*About this exercise*
Only the stretch below from the line holding "電設工具１１点セット 1袋 (ATDKSET)" through the line holding "road barrier icon." should be restated, word for word and with both ends included; pictures stay out.

*Data for the task*
○ ○ ○

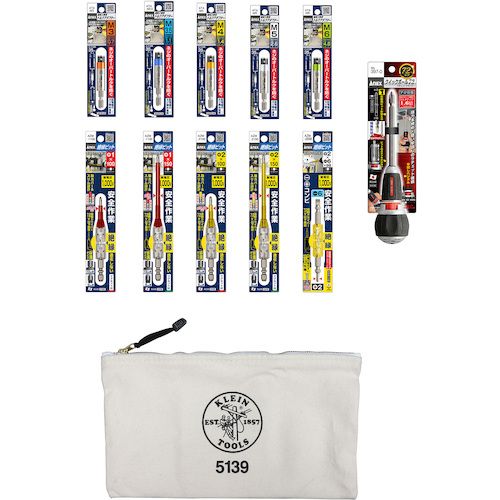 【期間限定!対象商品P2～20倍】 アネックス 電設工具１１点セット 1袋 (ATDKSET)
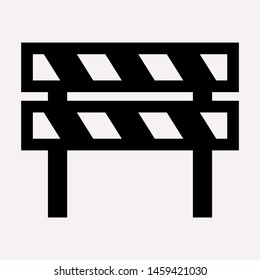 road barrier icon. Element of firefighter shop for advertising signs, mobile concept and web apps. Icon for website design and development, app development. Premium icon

○ ○ ○

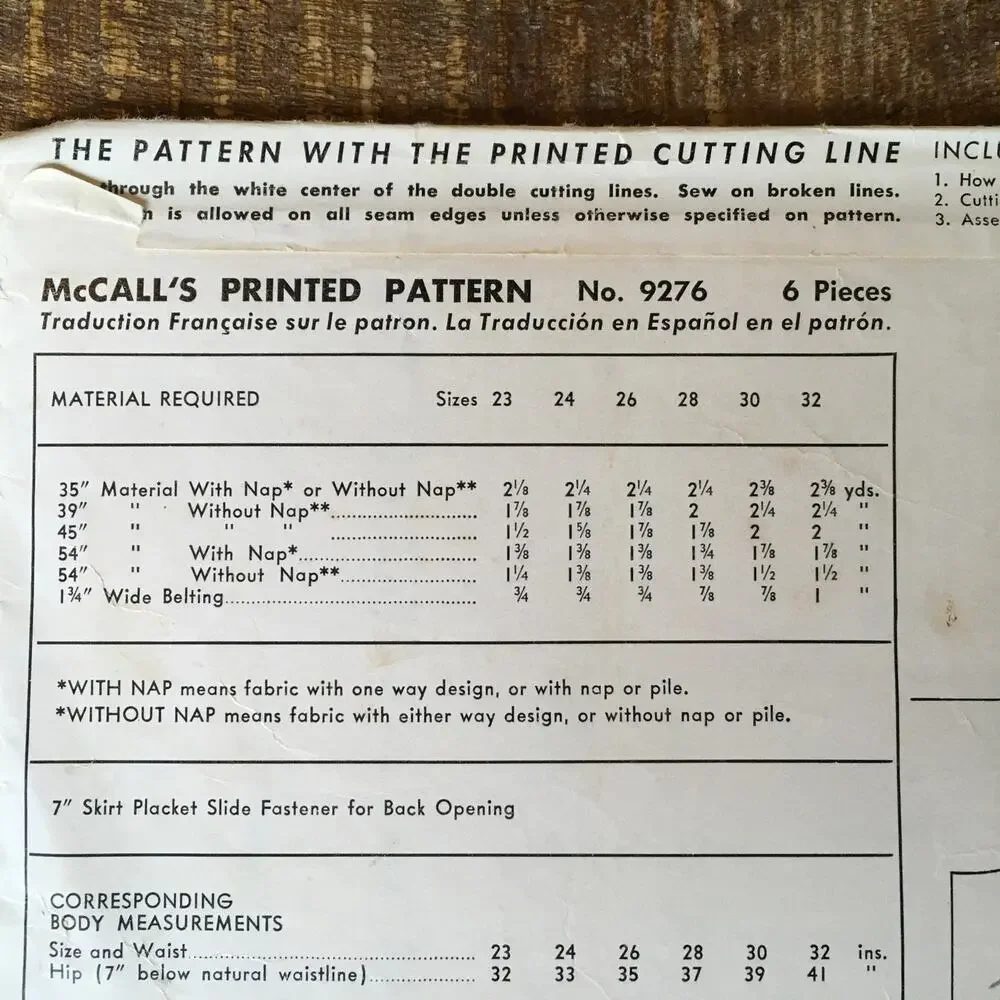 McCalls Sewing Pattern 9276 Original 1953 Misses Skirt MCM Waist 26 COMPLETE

○ ○ ○

*Task result*
 【期間限定!対象商品P2～20倍】 アネックス 電設工具１１点セット 1袋 (ATDKSET)
 road barrier icon. Element of firefighter shop for advertising signs, mobile concept and web apps. Icon for website design and development, app development. Premium icon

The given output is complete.